There is nothing radical or fringe or fanatical about having food available and in one's home. I can't imagine having only enough food to get me through a day or two. With as busy as my life is most of the time, I can't imagine not being able to whip up something from my cabinets or storage for dinner without having to visit the grocery store first. Other prepper suggestions are similar. There is nothing radical or fringe or fanatical about having a Berkey container of filtered water (and it tastes better, too) on the counter, a few extra blankets (don't you ever have company?), and flashlights with batteries that work.
It's true that a three-day supply of food or a 2 1/2 gallon pitcher of filtered water on the counter won't help if one is unemployed for six months or more, but it's also true that beginning to think in terms of it could happen to me gets us thinking about how to make things less of an emergency when it does happen. It's a difference in mind-set more than a difference in what one has in one's garage.
Some news reports are claiming that The Recession has ended and the economy is on the upswing, but from what I see around me, from jobs reports, from prices at the grocery store and the gas pump, from listening to my friends and family, even if the Recession is over, we have a very long way to go before things return to normal, and rather than reliving what got us here, I think there's going to be a new normal.
Certainly, in much of Suburbia, there is a new normal.

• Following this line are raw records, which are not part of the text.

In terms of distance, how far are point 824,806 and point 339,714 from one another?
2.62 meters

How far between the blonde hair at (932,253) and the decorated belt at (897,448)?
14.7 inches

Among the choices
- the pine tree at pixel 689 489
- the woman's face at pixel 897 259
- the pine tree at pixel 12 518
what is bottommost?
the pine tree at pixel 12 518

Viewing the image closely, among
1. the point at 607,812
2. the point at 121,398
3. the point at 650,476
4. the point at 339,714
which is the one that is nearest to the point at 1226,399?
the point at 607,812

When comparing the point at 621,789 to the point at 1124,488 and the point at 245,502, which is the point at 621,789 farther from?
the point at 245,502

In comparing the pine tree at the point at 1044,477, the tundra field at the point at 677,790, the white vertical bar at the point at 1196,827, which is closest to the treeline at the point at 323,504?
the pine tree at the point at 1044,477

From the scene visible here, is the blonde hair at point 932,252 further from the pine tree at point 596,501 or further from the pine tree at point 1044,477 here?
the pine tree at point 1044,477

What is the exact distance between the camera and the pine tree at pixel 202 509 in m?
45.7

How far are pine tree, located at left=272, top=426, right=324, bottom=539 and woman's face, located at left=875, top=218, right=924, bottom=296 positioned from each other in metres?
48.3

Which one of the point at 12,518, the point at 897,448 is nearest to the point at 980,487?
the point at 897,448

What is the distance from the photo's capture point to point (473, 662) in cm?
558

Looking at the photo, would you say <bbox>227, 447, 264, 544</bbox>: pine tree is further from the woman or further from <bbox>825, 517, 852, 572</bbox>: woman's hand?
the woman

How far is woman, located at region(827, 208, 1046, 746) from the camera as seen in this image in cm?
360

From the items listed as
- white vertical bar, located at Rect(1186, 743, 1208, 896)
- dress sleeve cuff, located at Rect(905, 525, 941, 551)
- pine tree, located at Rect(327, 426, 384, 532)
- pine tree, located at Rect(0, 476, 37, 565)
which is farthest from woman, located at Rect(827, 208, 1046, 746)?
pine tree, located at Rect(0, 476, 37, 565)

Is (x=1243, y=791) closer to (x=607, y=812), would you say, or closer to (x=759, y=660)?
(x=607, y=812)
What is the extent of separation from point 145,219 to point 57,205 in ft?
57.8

It's called poverty, and it's not a lack of moral fortitude, and it's not a shameful horror that we should hide - because the reality is that friends and neighbors usually know there's trouble a long time before that foreclosure sign ends up on the front lawn.
The antidote to poverty is not more money or better jobs, but rather independence. There's that saying, "Make hay while the sun shines," and the gist is that if we squander the happy days, when the bad days come, it's too late. In real terms, a farmer who does not hay his field while the sun is shining will lose the hay, which could be a devastating blow and result in a loss of livestock.
In the same way as the farmer, if we don't prepare the possibilities, we stand to lose it all. The sad fact is that we don't have to.